▶ PROBLEM TO WORK ON
Below this line is a listing that includes pictures. Copy exactly, and only, the lines from the one containing "43525 Hampton St, Lancaster, CA" through the one containing "Snow Leopard Faux"; the pictures do not go in the copy.

(PROVIDED DATA Opens)

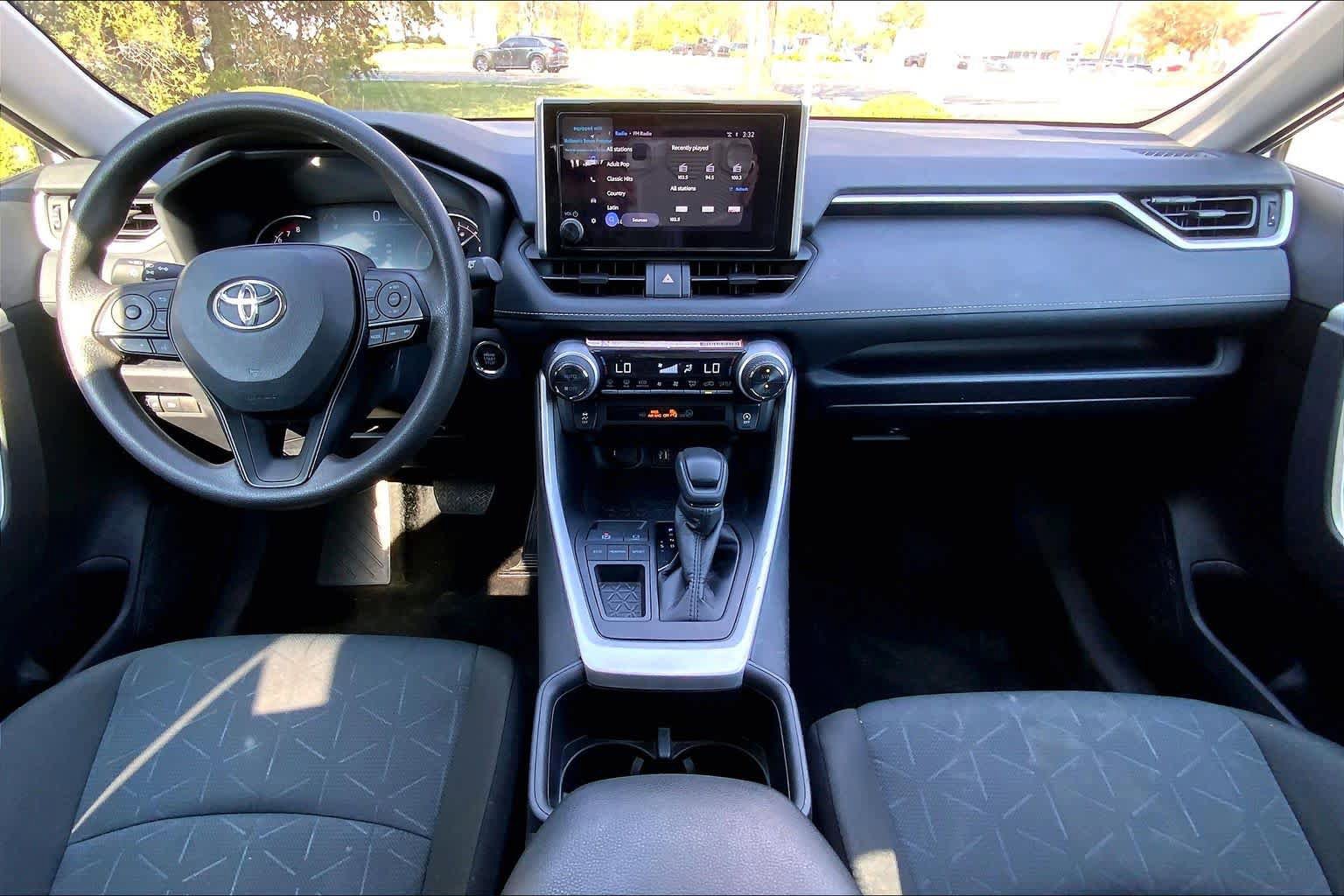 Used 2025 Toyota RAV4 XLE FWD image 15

(PROVIDED DATA Closes)
(PROVIDED DATA Opens)

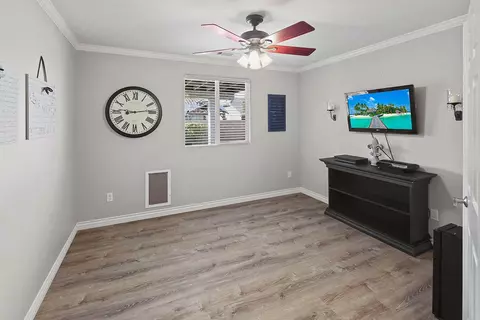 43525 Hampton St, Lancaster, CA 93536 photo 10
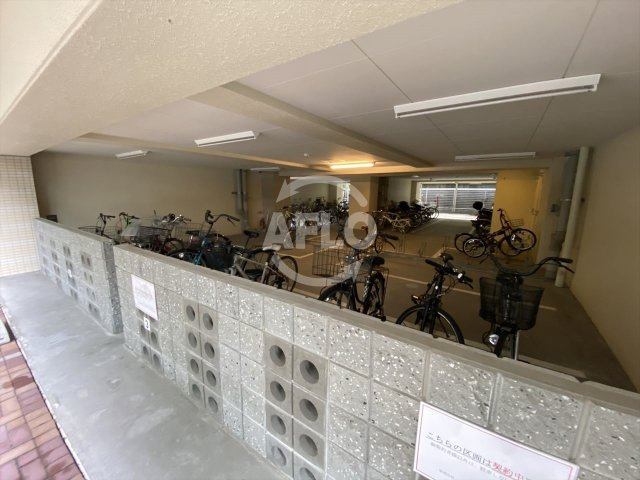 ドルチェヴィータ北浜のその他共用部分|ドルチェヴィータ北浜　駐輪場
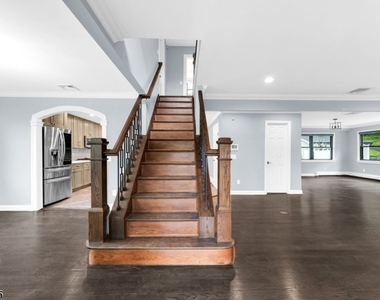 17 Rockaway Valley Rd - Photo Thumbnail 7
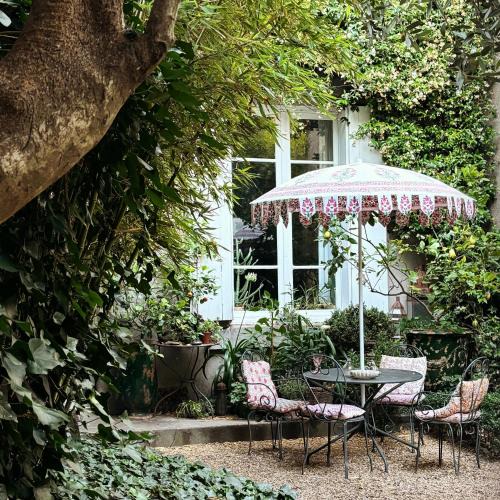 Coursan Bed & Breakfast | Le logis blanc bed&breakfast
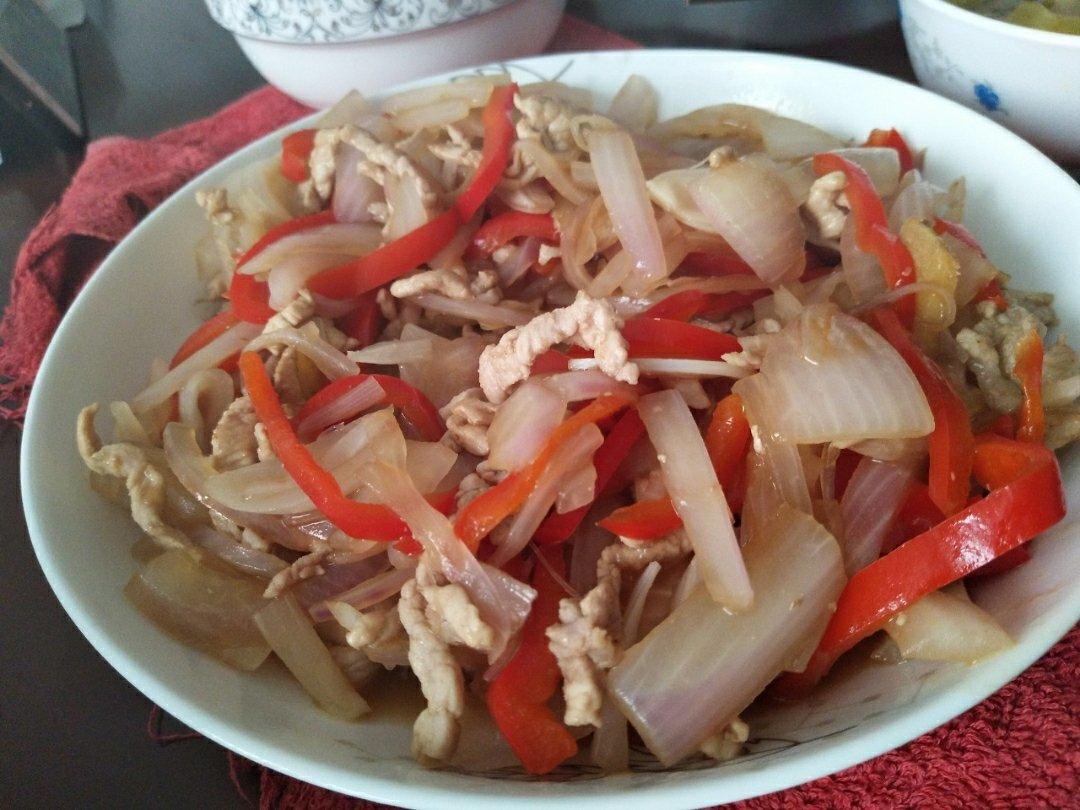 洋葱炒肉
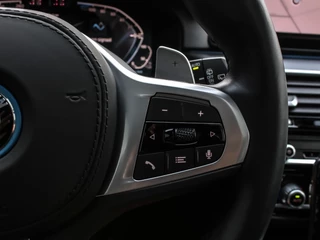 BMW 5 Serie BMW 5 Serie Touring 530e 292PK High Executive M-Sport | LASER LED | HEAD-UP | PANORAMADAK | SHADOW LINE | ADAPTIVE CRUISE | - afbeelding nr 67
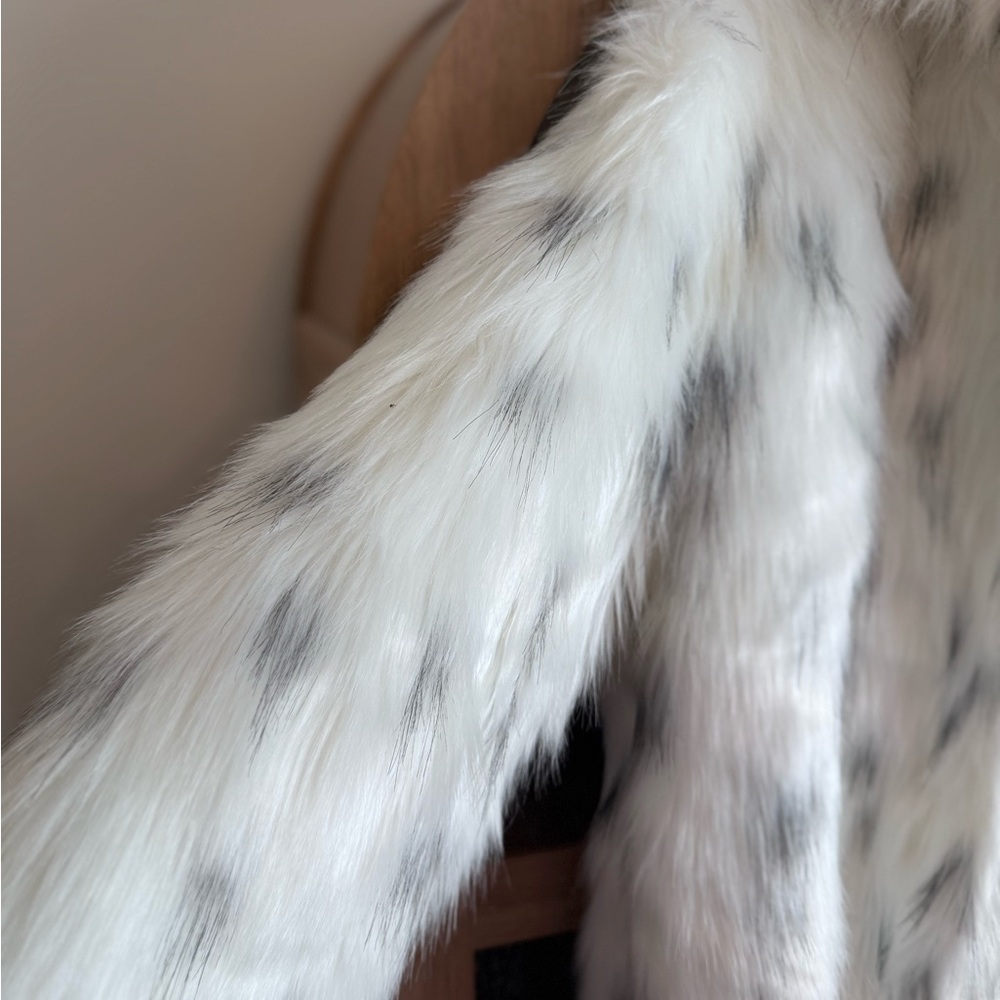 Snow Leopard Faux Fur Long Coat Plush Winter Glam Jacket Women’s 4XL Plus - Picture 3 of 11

(PROVIDED DATA Closes)

▶ EXERCISE RESULT
 43525 Hampton St, Lancaster, CA 93536 photo 10
 ドルチェヴィータ北浜のその他共用部分|ドルチェヴィータ北浜　駐輪場
 17 Rockaway Valley Rd - Photo Thumbnail 7
 Coursan Bed & Breakfast | Le logis blanc bed&breakfast
 洋葱炒肉
 BMW 5 Serie BMW 5 Serie Touring 530e 292PK High Executive M-Sport | LASER LED | HEAD-UP | PANORAMADAK | SHADOW LINE | ADAPTIVE CRUISE | - afbeelding nr 67
 Snow Leopard Faux Fur Long Coat Plush Winter Glam Jacket Women’s 4XL Plus - Picture 3 of 11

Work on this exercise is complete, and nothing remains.